Copy all the lines below without altering anything.

BEGIN Input data

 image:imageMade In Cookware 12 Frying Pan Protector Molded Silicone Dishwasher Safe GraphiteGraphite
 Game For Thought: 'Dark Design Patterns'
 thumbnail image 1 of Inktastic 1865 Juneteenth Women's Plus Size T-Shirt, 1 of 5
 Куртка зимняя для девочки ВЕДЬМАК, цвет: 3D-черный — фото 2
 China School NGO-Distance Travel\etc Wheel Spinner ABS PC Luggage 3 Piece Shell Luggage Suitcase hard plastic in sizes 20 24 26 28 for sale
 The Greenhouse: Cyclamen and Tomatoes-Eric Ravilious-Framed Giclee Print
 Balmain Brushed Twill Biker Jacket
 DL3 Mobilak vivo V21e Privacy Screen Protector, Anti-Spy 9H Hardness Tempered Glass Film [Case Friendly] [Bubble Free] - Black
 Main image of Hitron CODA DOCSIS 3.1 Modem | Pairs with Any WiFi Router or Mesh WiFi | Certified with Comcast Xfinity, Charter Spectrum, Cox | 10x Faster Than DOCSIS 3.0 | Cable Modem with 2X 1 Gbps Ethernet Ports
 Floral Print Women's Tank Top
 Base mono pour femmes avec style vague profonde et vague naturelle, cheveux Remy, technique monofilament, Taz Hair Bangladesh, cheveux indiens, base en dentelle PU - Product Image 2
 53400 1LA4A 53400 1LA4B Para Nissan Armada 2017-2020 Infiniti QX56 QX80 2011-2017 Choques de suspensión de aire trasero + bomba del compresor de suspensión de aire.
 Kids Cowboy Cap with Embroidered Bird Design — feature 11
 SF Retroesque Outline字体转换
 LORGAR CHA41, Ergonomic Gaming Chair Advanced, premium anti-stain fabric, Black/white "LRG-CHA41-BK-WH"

END Input data

- _The answer_
 image:imageMade In Cookware 12 Frying Pan Protector Molded Silicone Dishwasher Safe GraphiteGraphite
 Game For Thought: 'Dark Design Patterns'
 thumbnail image 1 of Inktastic 1865 Juneteenth Women's Plus Size T-Shirt, 1 of 5
 Куртка зимняя для девочки ВЕДЬМАК, цвет: 3D-черный — фото 2
 China School NGO-Distance Travel\etc Wheel Spinner ABS PC Luggage 3 Piece Shell Luggage Suitcase hard plastic in sizes 20 24 26 28 for sale
 The Greenhouse: Cyclamen and Tomatoes-Eric Ravilious-Framed Giclee Print
 Balmain Brushed Twill Biker Jacket
 DL3 Mobilak vivo V21e Privacy Screen Protector, Anti-Spy 9H Hardness Tempered Glass Film [Case Friendly] [Bubble Free] - Black
 Main image of Hitron CODA DOCSIS 3.1 Modem | Pairs with Any WiFi Router or Mesh WiFi | Certified with Comcast Xfinity, Charter Spectrum, Cox | 10x Faster Than DOCSIS 3.0 | Cable Modem with 2X 1 Gbps Ethernet Ports
 Floral Print Women's Tank Top
 Base mono pour femmes avec style vague profonde et vague naturelle, cheveux Remy, technique monofilament, Taz Hair Bangladesh, cheveux indiens, base en dentelle PU - Product Image 2
 53400 1LA4A 53400 1LA4B Para Nissan Armada 2017-2020 Infiniti QX56 QX80 2011-2017 Choques de suspensión de aire trasero + bomba del compresor de suspensión de aire.
 Kids Cowboy Cap with Embroidered Bird Design — feature 11
 SF Retroesque Outline字体转换
 LORGAR CHA41, Ergonomic Gaming Chair Advanced, premium anti-stain fabric, Black/white "LRG-CHA41-BK-WH"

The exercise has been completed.